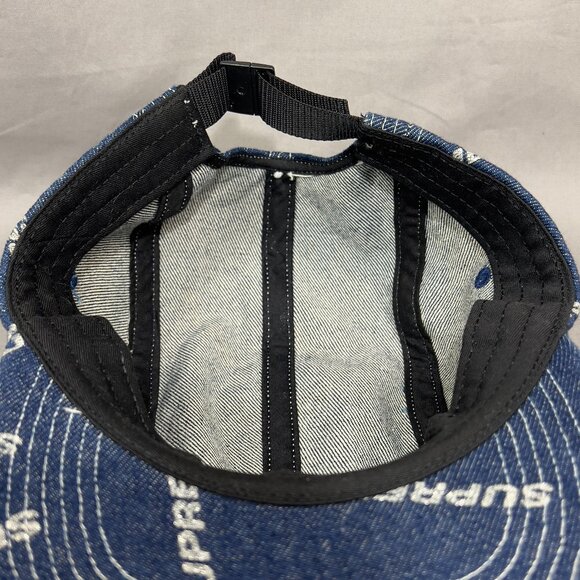Supreme Strapback Clip Hat 5 panel Blue Denim Streetwear Box Glitter USA Mens - Picture 13 of 16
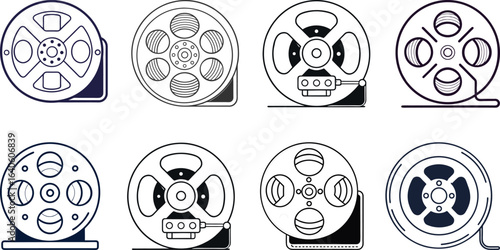 Vintage Reel-to-Reel Tape Icons:  Retro Line Art Graphics Set for Nostalgia Designs.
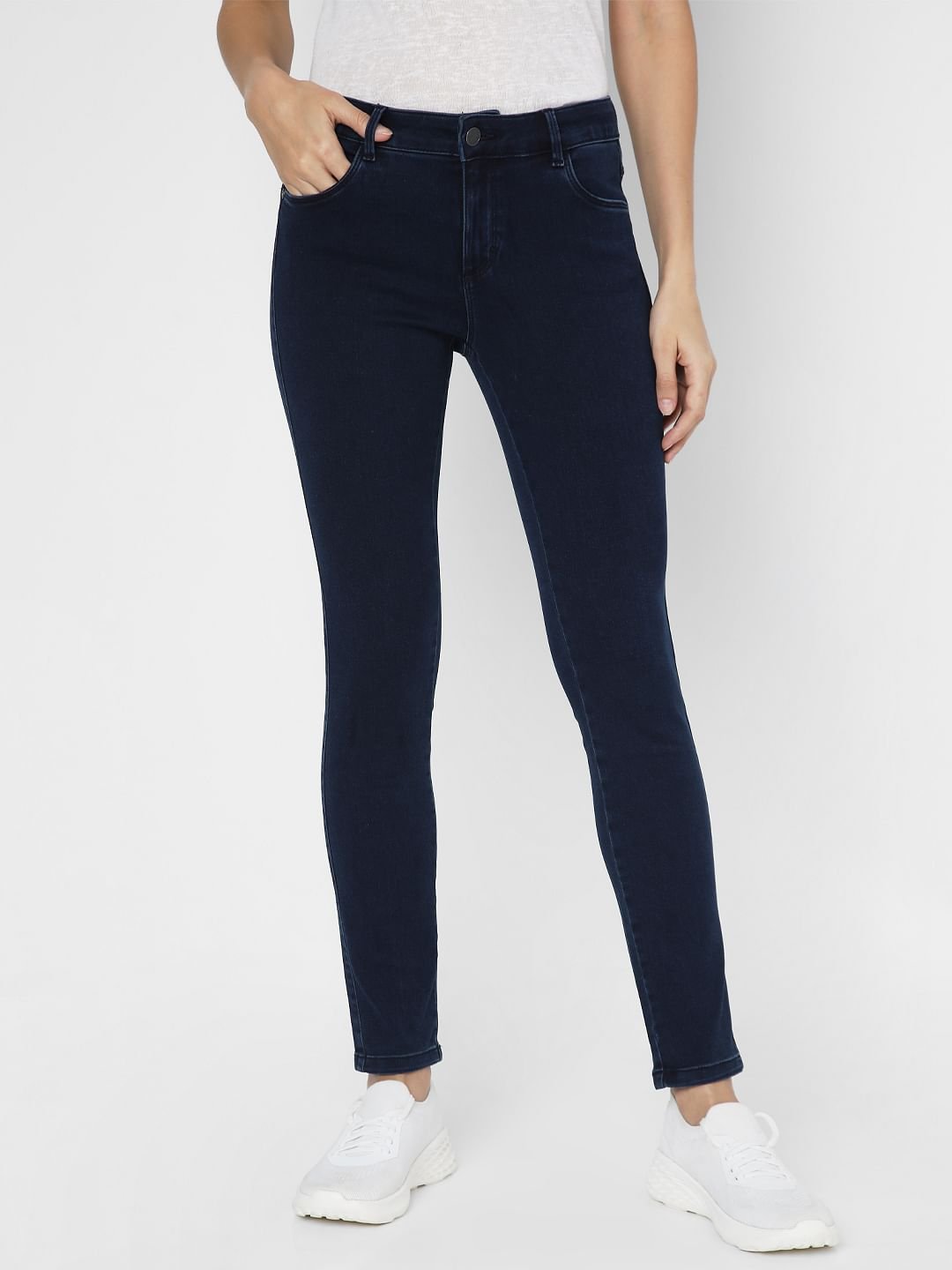 Dark Blue Mid Rise Wendy Skinny Jeggings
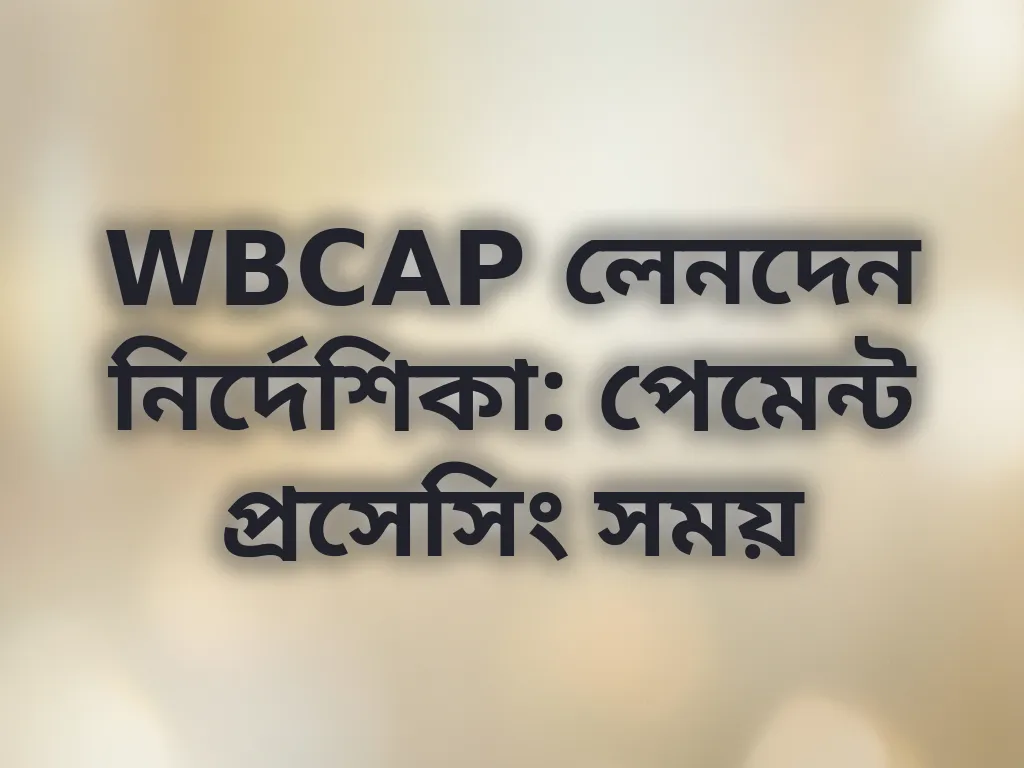 WBCAP লেনদেন নির্দেশিকা: পেমেন্ট প্রসেসিং সময়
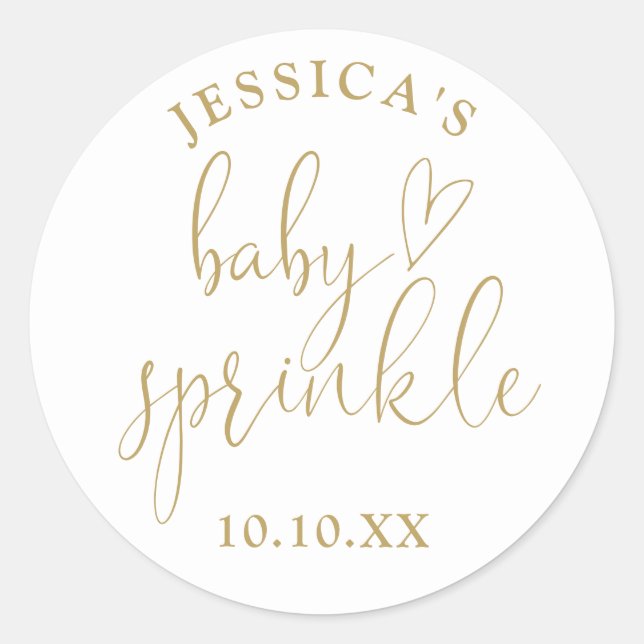 Elegant Gold Script Baby Sprinkle Shower Favor Classic Round Sticker (Front)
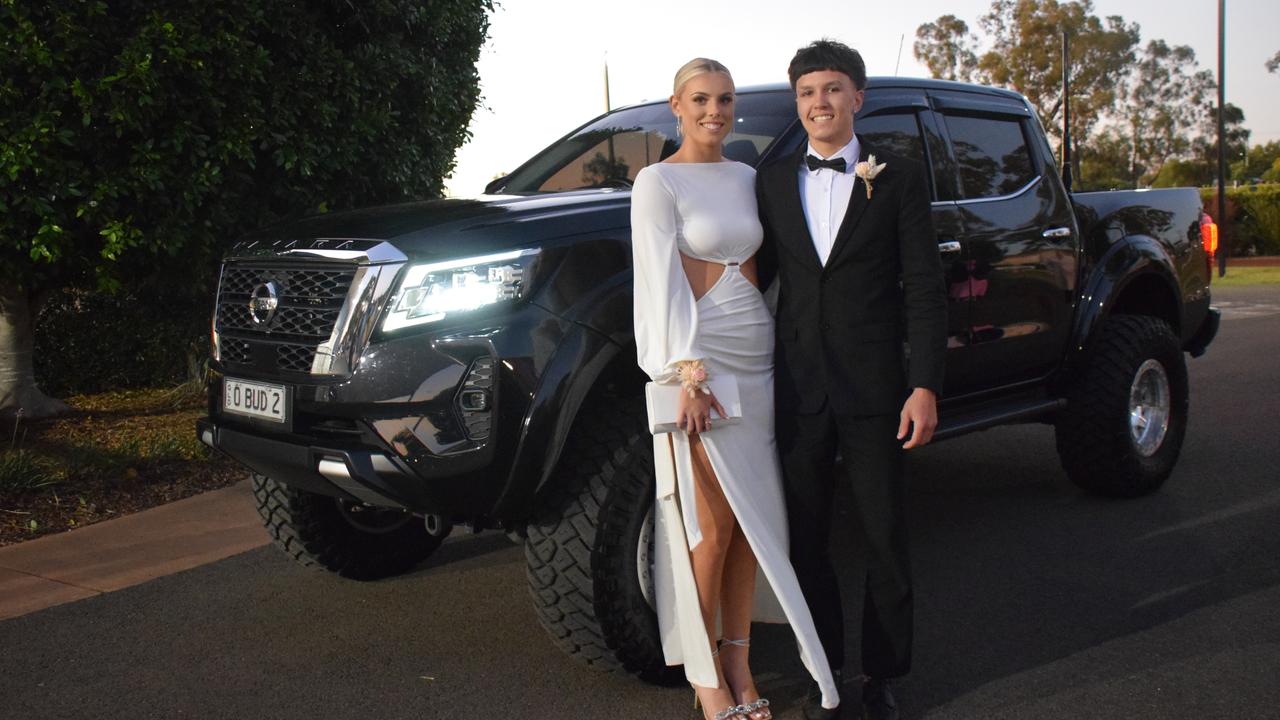 Breanna Hoskin and Koen Zerbst stunned on the red carpet at Our Lady of Southern Cross College's formal for 2023. Picture: Emily Devon
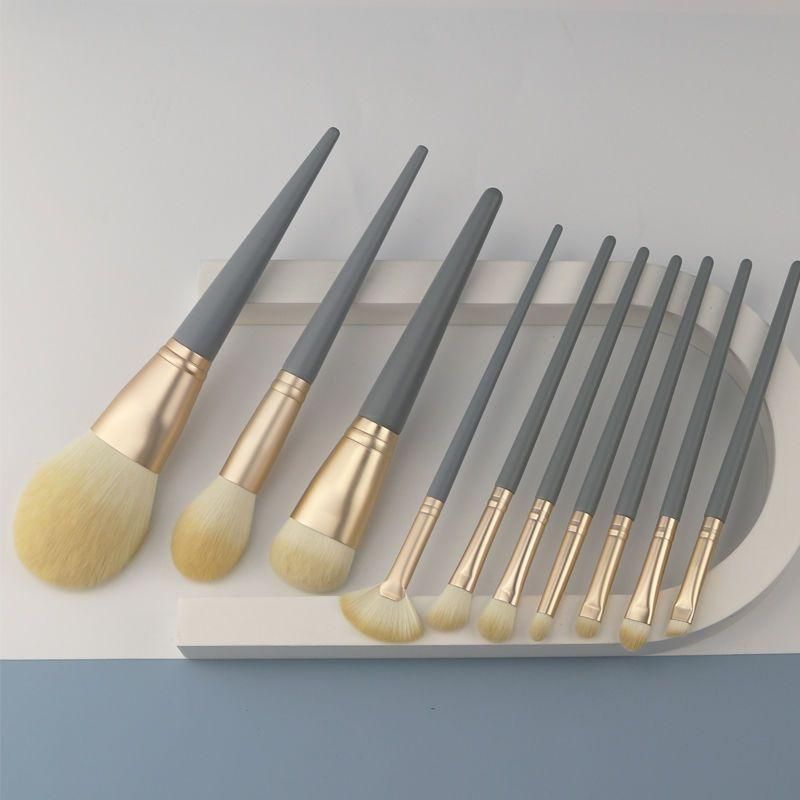 Makeup Brush Full Set Cangzhou 10 Sets Novice Brush Face Powder Brush Eyebrow Brush Foundation Animal Hair Tools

**PROMPT**
Print exactly what appears from the first line of the listing above down to the line containing "Breanna Hoskin and", inclusive, and leave out all pictures.

**THE ANSWER**
Supreme Strapback Clip Hat 5 panel Blue Denim Streetwear Box Glitter USA Mens - Picture 13 of 16
 Vintage Reel-to-Reel Tape Icons:  Retro Line Art Graphics Set for Nostalgia Designs.
 Dark Blue Mid Rise Wendy Skinny Jeggings
 WBCAP লেনদেন নির্দেশিকা: পেমেন্ট প্রসেসিং সময়
 Elegant Gold Script Baby Sprinkle Shower Favor Classic Round Sticker (Front)
 Breanna Hoskin and Koen Zerbst stunned on the red carpet at Our Lady of Southern Cross College's formal for 2023. Picture: Emily Devon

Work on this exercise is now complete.